By Denis Joseph Bukenya,
There are numerous approaches to adjudicating international human rights law. Among them are approaches vernacularized to the third world context like the Interdependence Approach under the economic social and cultural rights (ECSCR). It is a method of quasi-judicial enforcement of the ECSCR that is vernacularized through relying on the process and procedural rights that are common among groups of rights and the overlapping component of substantive rights. Analysis of the African Charter on Human and Peoples’ Rights (ACHPR) has showed there is a solid basis for the interdependence approach evidenced in the protection of the different groups of rights vernacularized to clearly being stated as indivisible and interdependent.
This paper through a desk review analysis of international statutes, case law and scholarly papers on the African Human Rights perspectives will explore the uniqueness in application of international law by establishing the extent indirect approaches like interdependence and its interpretation of substantive rights bridge gaps in the protection of specific ECSCR to ensure the coherent application of human rights norms vernacularized. Further thereto, relevance to the jurisprudence of the ACHPRs will be examined in regard to the interdependent approach.
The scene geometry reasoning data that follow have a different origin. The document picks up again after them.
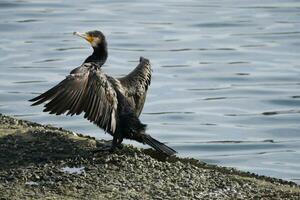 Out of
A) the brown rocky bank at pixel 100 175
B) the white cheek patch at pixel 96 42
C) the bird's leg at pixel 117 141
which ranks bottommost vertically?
the brown rocky bank at pixel 100 175

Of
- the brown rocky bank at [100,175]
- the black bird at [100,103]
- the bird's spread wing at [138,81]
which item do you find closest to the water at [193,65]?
the bird's spread wing at [138,81]

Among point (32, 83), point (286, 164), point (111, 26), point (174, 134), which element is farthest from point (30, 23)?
point (286, 164)

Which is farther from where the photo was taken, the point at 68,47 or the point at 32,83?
the point at 68,47

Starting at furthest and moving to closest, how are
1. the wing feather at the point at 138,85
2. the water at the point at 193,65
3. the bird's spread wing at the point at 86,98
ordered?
the water at the point at 193,65, the wing feather at the point at 138,85, the bird's spread wing at the point at 86,98

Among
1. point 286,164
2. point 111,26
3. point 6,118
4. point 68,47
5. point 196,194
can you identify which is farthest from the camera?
point 111,26

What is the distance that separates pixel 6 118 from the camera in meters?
10.6

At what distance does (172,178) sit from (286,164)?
4732 mm

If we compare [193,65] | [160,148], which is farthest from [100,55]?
[193,65]

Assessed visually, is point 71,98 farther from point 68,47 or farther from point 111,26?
point 111,26

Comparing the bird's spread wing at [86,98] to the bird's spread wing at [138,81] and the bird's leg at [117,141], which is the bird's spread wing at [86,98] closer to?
the bird's leg at [117,141]

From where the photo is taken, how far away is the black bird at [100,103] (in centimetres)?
933

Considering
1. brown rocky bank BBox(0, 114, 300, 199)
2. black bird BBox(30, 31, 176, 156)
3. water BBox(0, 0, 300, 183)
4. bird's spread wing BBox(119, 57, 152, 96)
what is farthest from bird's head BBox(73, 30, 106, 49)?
water BBox(0, 0, 300, 183)

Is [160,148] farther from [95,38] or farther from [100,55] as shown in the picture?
[95,38]

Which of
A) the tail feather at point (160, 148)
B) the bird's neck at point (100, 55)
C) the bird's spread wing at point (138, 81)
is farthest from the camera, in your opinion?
the bird's neck at point (100, 55) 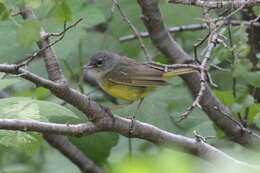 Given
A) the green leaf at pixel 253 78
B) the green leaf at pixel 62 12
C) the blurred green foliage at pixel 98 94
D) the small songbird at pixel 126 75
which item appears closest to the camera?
the green leaf at pixel 62 12

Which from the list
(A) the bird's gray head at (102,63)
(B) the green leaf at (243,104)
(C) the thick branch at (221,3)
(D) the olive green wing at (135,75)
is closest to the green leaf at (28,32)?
(C) the thick branch at (221,3)

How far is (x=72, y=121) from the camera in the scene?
4.16m

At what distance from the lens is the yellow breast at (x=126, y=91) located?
4.71 metres

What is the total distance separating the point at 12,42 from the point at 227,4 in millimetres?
2004

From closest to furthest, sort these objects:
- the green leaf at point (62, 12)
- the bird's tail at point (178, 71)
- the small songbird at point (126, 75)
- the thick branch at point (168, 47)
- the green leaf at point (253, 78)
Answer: the green leaf at point (62, 12) < the green leaf at point (253, 78) < the bird's tail at point (178, 71) < the thick branch at point (168, 47) < the small songbird at point (126, 75)

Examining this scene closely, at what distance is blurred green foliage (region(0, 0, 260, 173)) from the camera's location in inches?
114

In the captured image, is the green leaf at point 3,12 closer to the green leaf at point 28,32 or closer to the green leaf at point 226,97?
the green leaf at point 28,32

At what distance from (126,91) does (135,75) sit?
0.27 m

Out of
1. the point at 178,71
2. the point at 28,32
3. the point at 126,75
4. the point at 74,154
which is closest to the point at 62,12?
the point at 28,32

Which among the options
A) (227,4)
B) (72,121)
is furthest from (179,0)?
(72,121)

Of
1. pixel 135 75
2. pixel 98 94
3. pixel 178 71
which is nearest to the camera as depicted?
pixel 178 71

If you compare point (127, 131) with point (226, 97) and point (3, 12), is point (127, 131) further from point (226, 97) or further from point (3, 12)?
point (226, 97)

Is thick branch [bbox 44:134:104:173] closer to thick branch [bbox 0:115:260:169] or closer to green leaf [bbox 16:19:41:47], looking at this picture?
thick branch [bbox 0:115:260:169]

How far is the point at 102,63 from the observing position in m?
5.19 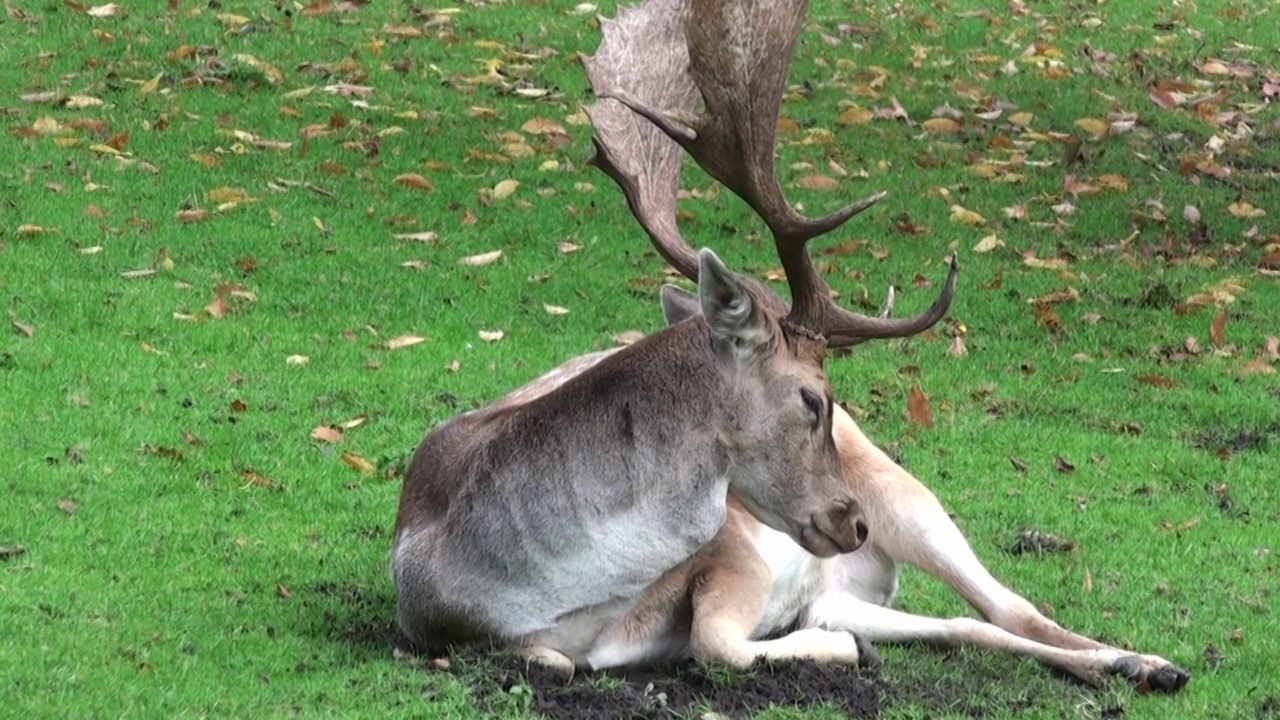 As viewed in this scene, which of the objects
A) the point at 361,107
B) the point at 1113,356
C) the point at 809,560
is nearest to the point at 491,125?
the point at 361,107

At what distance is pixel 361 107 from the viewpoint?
15.0 metres

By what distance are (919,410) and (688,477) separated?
13.1ft

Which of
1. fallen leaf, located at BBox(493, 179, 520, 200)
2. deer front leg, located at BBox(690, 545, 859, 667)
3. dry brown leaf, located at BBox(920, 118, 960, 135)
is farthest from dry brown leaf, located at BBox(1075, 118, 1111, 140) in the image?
deer front leg, located at BBox(690, 545, 859, 667)

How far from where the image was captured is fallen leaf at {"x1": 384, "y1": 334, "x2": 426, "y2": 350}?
35.0 feet

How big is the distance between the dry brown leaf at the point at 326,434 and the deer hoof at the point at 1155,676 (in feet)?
12.6

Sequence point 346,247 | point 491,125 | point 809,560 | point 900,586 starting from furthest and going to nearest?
1. point 491,125
2. point 346,247
3. point 900,586
4. point 809,560

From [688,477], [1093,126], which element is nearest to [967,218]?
[1093,126]

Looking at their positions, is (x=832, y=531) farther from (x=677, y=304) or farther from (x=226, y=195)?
(x=226, y=195)

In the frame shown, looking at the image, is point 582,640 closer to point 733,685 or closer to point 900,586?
point 733,685

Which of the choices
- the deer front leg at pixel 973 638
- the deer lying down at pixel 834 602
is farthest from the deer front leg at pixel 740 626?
the deer front leg at pixel 973 638

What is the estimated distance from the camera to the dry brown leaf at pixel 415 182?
13531mm

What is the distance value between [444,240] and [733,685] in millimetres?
6636

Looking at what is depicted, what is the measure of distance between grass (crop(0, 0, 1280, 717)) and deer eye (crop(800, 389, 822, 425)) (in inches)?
37.8

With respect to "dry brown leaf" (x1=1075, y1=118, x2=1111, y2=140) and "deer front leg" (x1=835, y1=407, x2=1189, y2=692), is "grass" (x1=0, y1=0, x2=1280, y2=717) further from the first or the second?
"deer front leg" (x1=835, y1=407, x2=1189, y2=692) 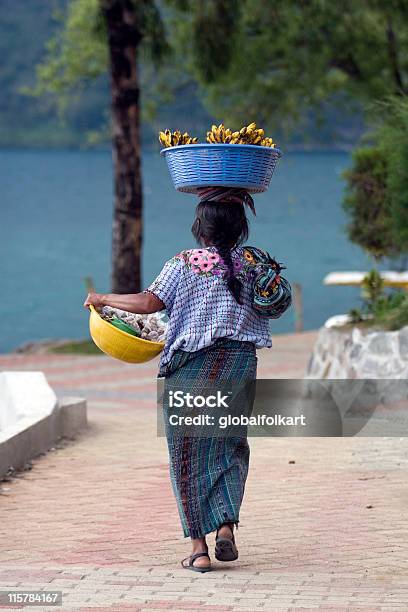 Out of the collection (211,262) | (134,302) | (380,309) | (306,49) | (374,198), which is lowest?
(380,309)

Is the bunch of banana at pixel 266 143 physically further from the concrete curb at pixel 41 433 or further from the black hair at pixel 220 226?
the concrete curb at pixel 41 433

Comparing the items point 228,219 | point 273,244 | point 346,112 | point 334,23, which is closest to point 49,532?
point 228,219

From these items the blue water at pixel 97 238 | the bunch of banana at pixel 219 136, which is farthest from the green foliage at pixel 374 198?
the bunch of banana at pixel 219 136

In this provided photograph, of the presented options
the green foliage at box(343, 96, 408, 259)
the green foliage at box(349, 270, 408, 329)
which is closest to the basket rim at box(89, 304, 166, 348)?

The discussion will note that mostly the direct justiciability of the rights protected under the African Human Rights Systems tend to undermine the interdependence approach viewing it as a separate and self-standing method of adjudication of ECSCR yet in most cases they apply in one and the same cases. Examples will be drawn from cases of Purohit & Another v The Gambia (2003) AHRLR 96 (ACHPR 2003) para 84 and Gunme & Others v Cameroon (2009) AHRLR 9 (ACHPR 2009) paras 102-108&162 to show the extent International Law has been vernacularized.